◆ **Problem details**
Pictures stay out of the output. Return exactly the lines below from the one with "Cozy vintage home" down to the one with "Small tortoiseshell, Aglais", both included, and nothing more.

◆ **Data shown**
********************
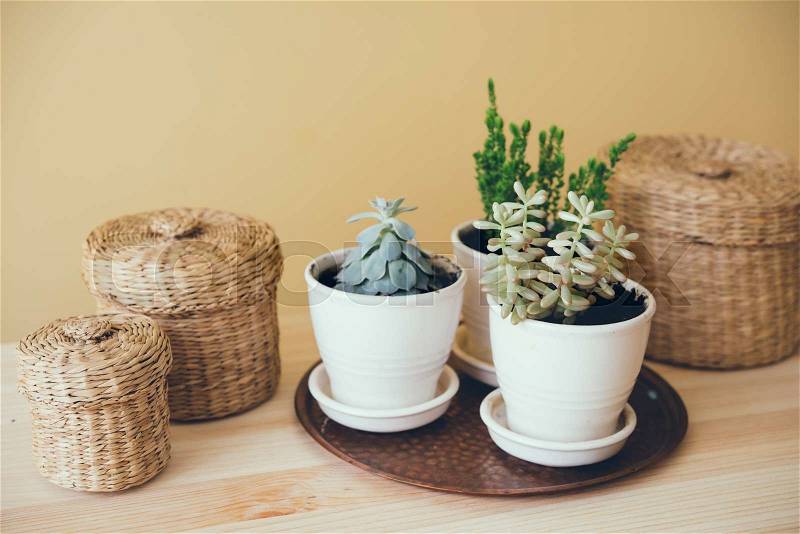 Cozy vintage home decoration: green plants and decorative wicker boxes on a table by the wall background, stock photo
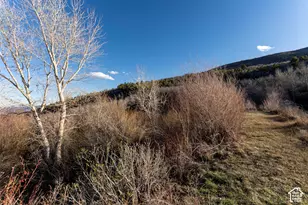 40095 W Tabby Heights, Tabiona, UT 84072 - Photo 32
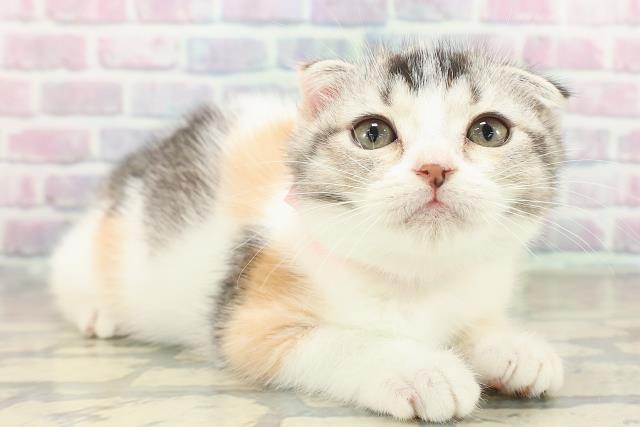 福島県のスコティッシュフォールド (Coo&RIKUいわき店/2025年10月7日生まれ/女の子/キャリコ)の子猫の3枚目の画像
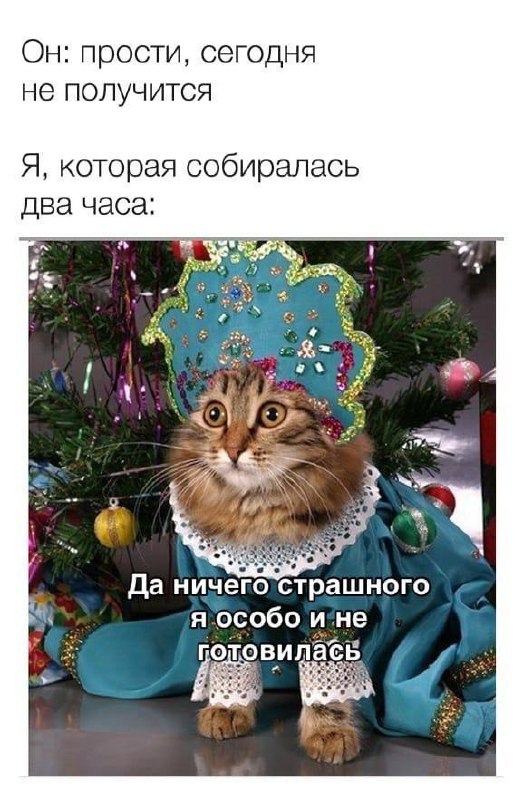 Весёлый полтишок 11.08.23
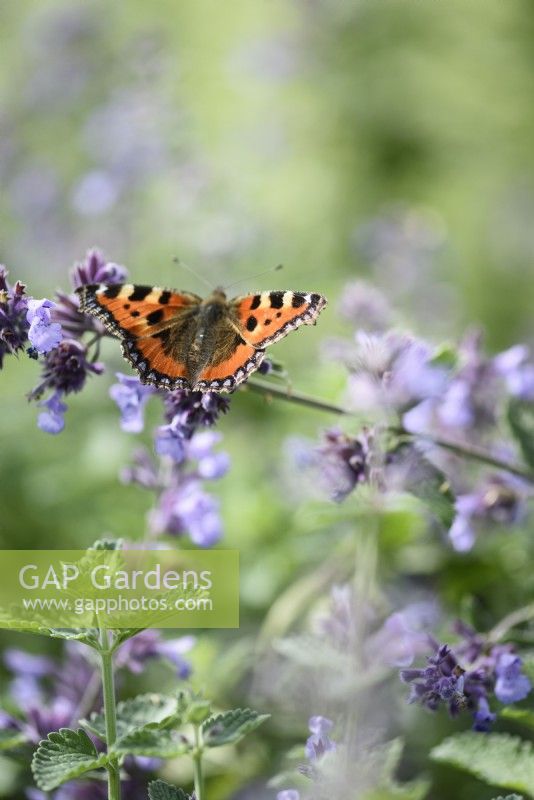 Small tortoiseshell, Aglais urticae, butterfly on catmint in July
********************
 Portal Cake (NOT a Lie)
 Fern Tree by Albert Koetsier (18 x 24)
********************
◆ **Reply**
 Cozy vintage home decoration: green plants and decorative wicker boxes on a table by the wall background, stock photo
 40095 W Tabby Heights, Tabiona, UT 84072 - Photo 32
 福島県のスコティッシュフォールド (Coo&RIKUいわき店/2025年10月7日生まれ/女の子/キャリコ)の子猫の3枚目の画像
 Весёлый полтишок 11.08.23
 Small tortoiseshell, Aglais urticae, butterfly on catmint in July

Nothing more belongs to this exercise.